Элвис задумался. После небольшой паузы он сказал:

– Пойдем-ка наверх. У меня кое-что для тебя есть.

Он провел меня в свою комнату, где вложил мне в руку несколько белых пилюль.

– Я хочу, чтобы ты их принимала, они помогут тебе не засыпать днем. Принимай по одной, когда почувствуешь, что тебя клонит в сон, но не больше одной, иначе будешь ходить колесом по коридору.

– Что это за таблетки? – спросила я.

– Этого тебе знать не нужно. Нам такие дают, когда у нас учения. Без них я бы сам ни за что не справлялся. Но ты не переживай, они безопасные, – сказал он. – Спрячь их и никому не говори, что они у тебя есть, и не принимай их каждый день. Только когда тебе не хватает заряда энергии.

Элвис искренне думал, что делает доброе дело, снабжая меня таблетками, и я уверена, что ему и в голову не приходило, что они могут навредить – ни ему, ни мне.

Я не стала принимать эти таблетки. Я убрала их в шкатулочку, куда складывала другие интересные вещи – это была моя коллекция портсигаров и записок от Элвиса, – а саму шкатулку спрятала в ящике.

Позже я узнала, что это был «Декседрин»[2], который Элвис открыл для себя в армии. Сержант выдал эти таблетки нескольким ребятам, чтобы они не засыпали на посту. Элвис, привыкший жить жизнью артиста и ненавидевший ранние подъемы, начал принимать эти таблетки, чтобы пережить долгие изнурительные часы на службе. Он рассказал мне, что начал принимать снотворное незадолго до призыва на службу. Он боялся бессонницы и лунатизма, от которого страдал с самого детства.

Когда он был еще маленьким, однажды он во сне вышел из дома на улицу в одних трусах. Сосед разбудил его, и он, смущенный, пустился бежать домой. Был другой случай, когда он чуть не выпал из окна. Так что, чтобы избежать несчастных случаев, он спал с родителями, пока не подрос, и он всю жизнь боялся, что снова начнет ходить во сне. Именно поэтому он обычно просил кого-то спать с ним.

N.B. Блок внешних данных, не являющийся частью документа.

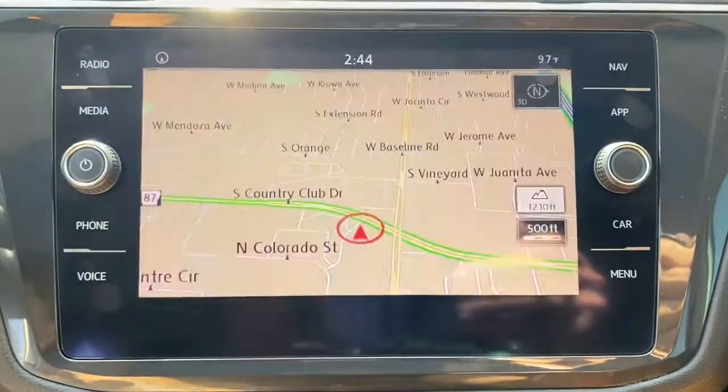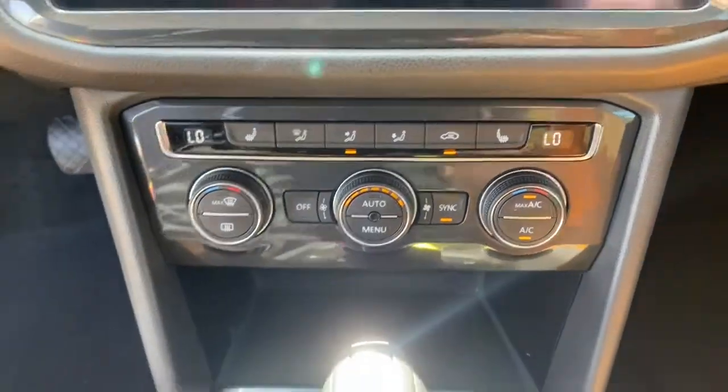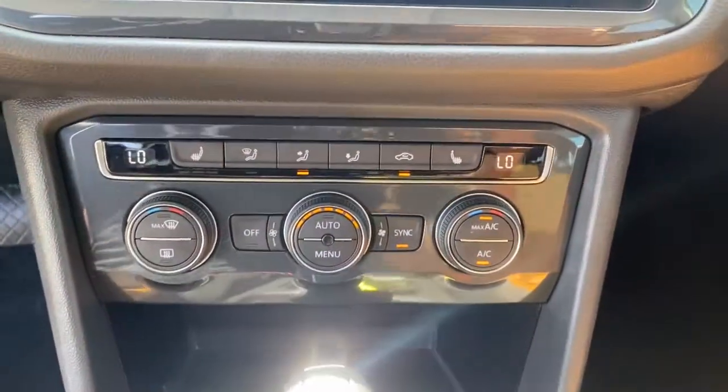Sleek style blends with smart practicality in this refined Tiguan. See for yourself when you take it out for a test drive. Our professional staff looks forward to giving you excellent service.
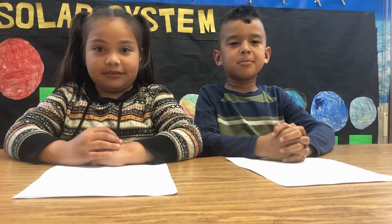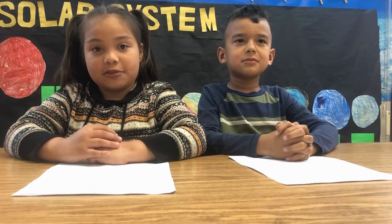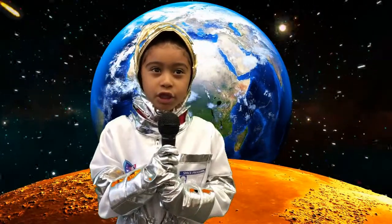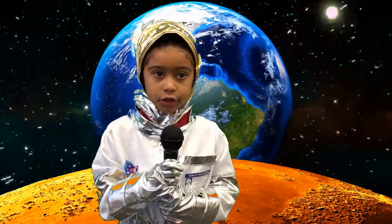Good morning everyone. Welcome to Station Four, which is out of this world. Today we are at our main station on Earth, which is one of eight planets in the solar system. But we have a few reporters on the other planets. Let's check out what they are up to. Good morning. I am here on Mercury, which is the closest planet to the sun, and it is hot out here — almost 800 degrees.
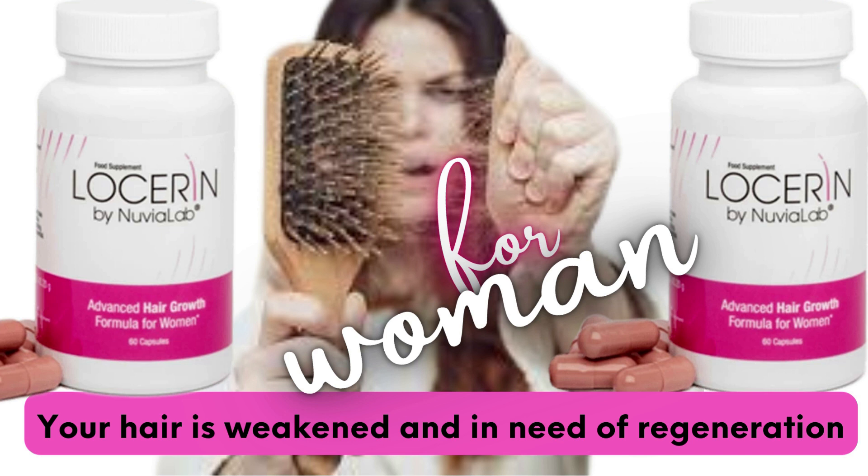Proper hair care can be quite a problem for many women. Drugstores offer a wide range of cosmetics, shampoos, and conditioners that promise to improve the appearance and health of your hair. However, poorly selected products in combination with external factors such as hard water, daily drying, and styling can leave your hair in a dreadful condition.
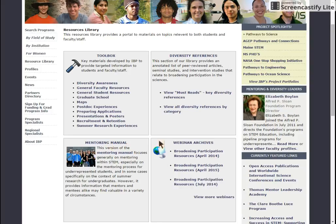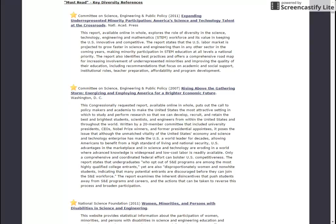Our diversity reference manual includes peer-reviewed articles that we found helpful for broadening participation in STEM and has a list of must-reads. Select the must-read list to view webinars and videos presented by faculty and administrators who participate in our program and give pertinent advice for students and faculty alike.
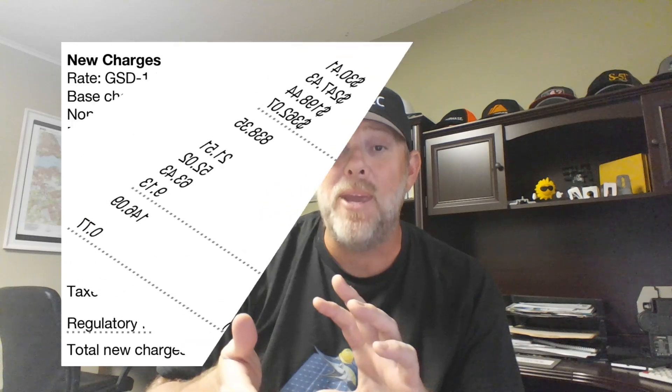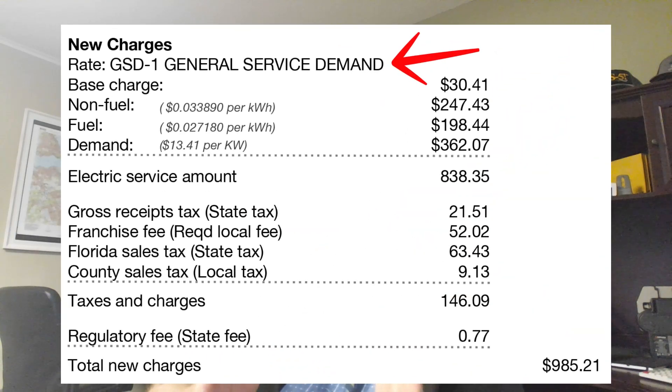In Florida you'll see this with the investor-owned utilities — the big ones: Duke, Gulf, FP&L, and TECO. They all have significant demand charges in place. FP&L typically charges between $8 and $18 per kilowatt of your highest demand. Duke Energy can be as high as $11 to $30 per kilowatt for your highest demand. So if your building hits a peak of 50 kilowatts and the rate is $20 per kilowatt, your demand charge could actually be an extra $1,000 per month. It's a significant charge, and that's all just from one spike that occurs.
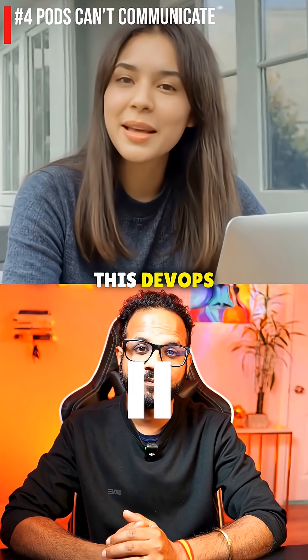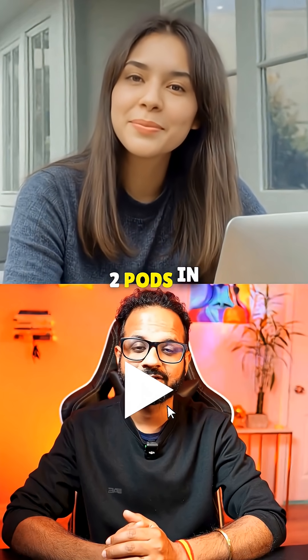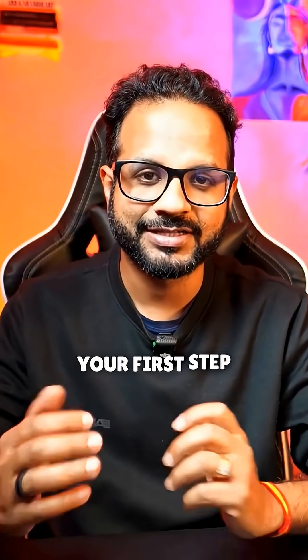Can you survive this DevOps interview from Piyosh? Two pods in different namespaces are unable to communicate with each other. Walk me through your first step in diagnosing this.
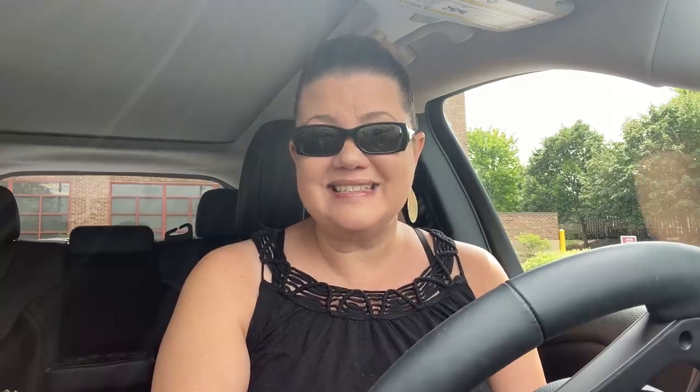Clearance is still in store, so I'm going to highlight some of the clearance finds that you should be looking out for if you're interested in grabbing some cheap items like hand soap, hand sanitizer, and all that good stuff. So let's dive into CVS.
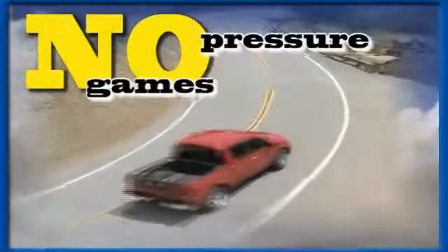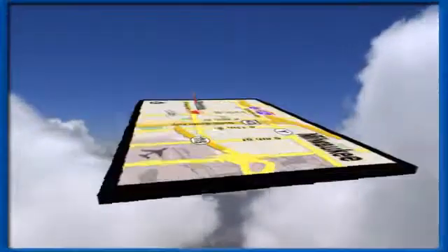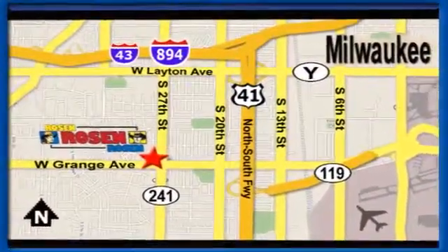No pressure, no games, no aggravation. That's Rosen Nissan Kia. We're conveniently located just west of Mitchell International Airport at 5505 South 27th Street.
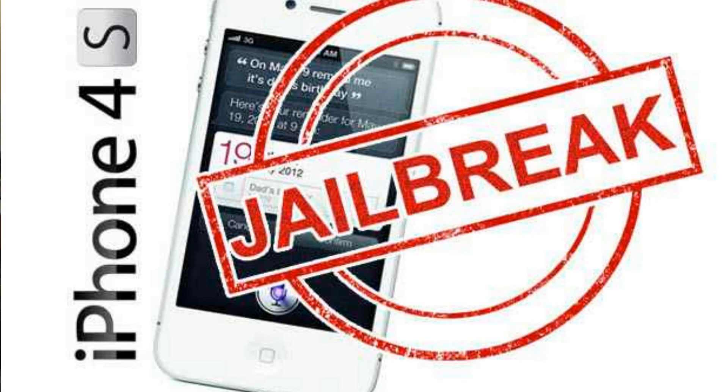Pod2g has just published a video on his blog showing Jailbreak iPhone 4s on iOS 5.0.1 Untethered. This is the first video demo showing a jailbroken iPhone 4s.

Много лет спустя я узнала, что в Германии был нанят специальный человек, который следил за ним всю ночь, пока он спал.

* * *

Стремительно приближалось Рождество 1959 года, и у меня не было ни малейшего представления, что подарить Элвису. Я ходила по многолюдным улицам Висбадена, разглядывала витрины, надеясь, что что-нибудь меня вдохновит. Выбирать подарки родным всегда было просто, потому что мы все всегда знали, что кому нужно, и часто делали эти подарки своими руками. Папа дал мне тридцать пять долларов на подарок Элвису, и когда я выходила из дома в тот морозный день, мне казалось, что это довольно много денег. Но я убедилась в обратном, когда увидела ценник на прекрасном портсигаре ручной работы с искусным дизайном и фарфоровой рамкой. Элвис был любителем сигар, так что это точно бы ему понравилось. Но после того как продавец сообщил мне цену – 650 марок, то есть 155 долларов, – я и мой изящный вкус ушли из магазина ни с чем.

Шел сильный снег, так что я поспешила в другой магазин, полный ярких игрушек, среди которых был прочно сделанный игрушечный немецкий поезд, который я с легкостью представила в гостиной Элвиса. Но поезд стоил две тысячи марок.

Возвращаясь домой в темноте и практически в слезах, я вдруг заметила музыкальный магазин, на витрине которого были выставлены барабаны бонго, отделанные блестящей латунью. Они стоили сорок долларов, но продавец меня пожалел и продал за тридцать пять. Пока я шла домой, меня мучили миллионы сомнений: я была убеждена, что барабаны – наименее романтичный подарок из всех возможных.